About this task: Could you return, exactly as written, every line from the one containing "ORTASINDA OSMANLI ALTIN" through the last line of the entries below, leaving out the pictures?

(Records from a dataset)

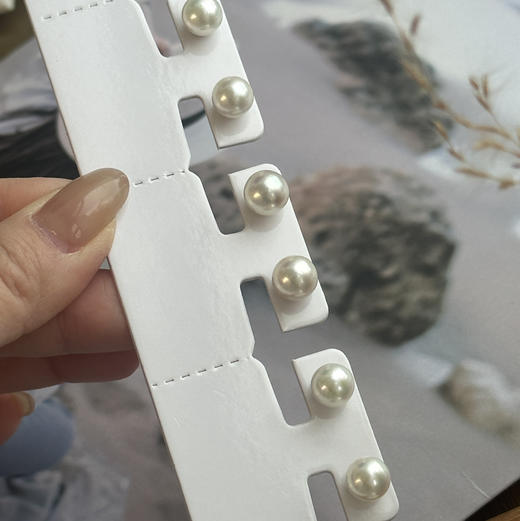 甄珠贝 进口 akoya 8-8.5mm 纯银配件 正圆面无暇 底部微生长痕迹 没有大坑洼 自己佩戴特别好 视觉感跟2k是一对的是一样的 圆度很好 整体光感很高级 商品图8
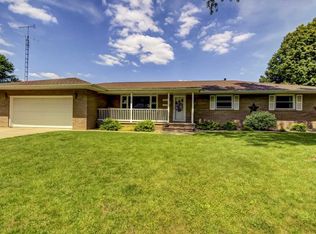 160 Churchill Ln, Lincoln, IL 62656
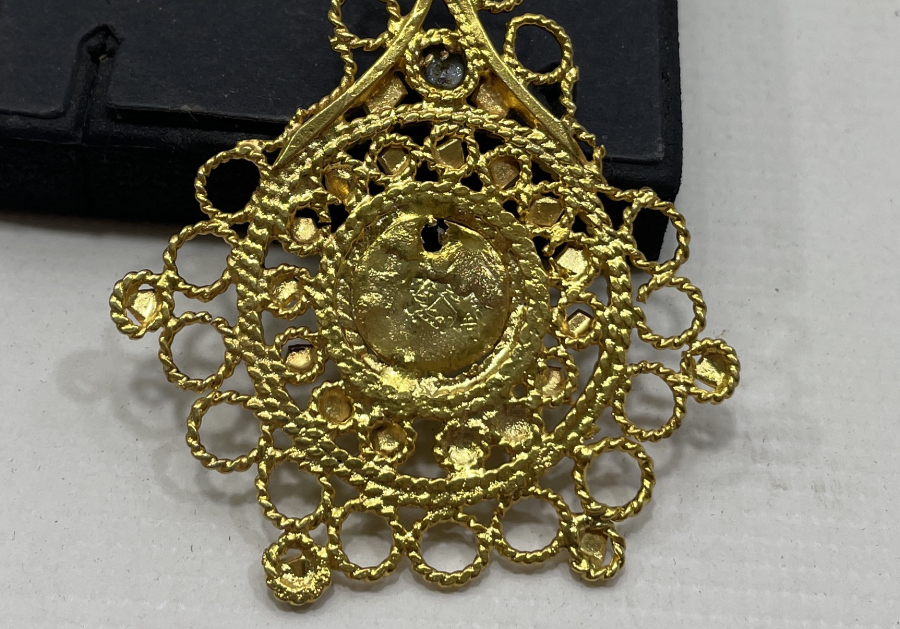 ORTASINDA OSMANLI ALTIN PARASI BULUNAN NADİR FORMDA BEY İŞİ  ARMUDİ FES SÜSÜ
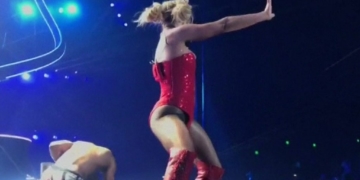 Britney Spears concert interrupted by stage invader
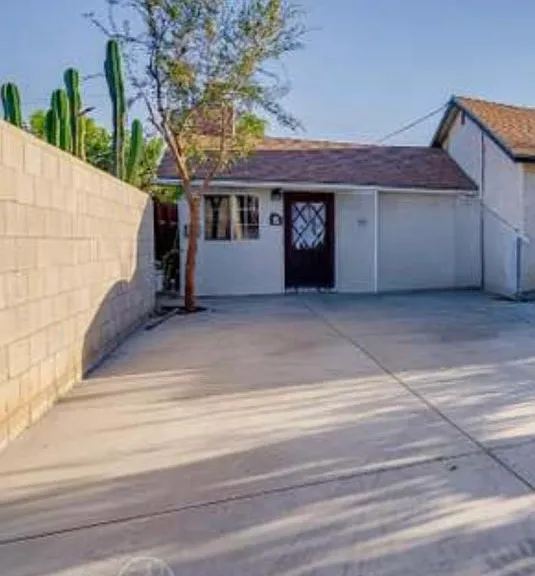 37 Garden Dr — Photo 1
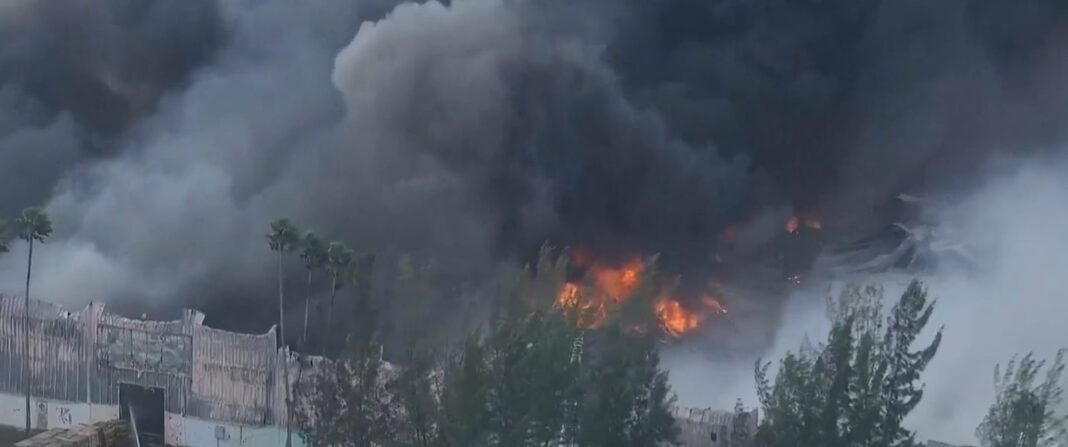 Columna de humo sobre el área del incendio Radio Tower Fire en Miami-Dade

Task answer:
 ORTASINDA OSMANLI ALTIN PARASI BULUNAN NADİR FORMDA BEY İŞİ  ARMUDİ FES SÜSÜ
 Britney Spears concert interrupted by stage invader
 37 Garden Dr — Photo 1
 Columna de humo sobre el área del incendio Radio Tower Fire en Miami-Dade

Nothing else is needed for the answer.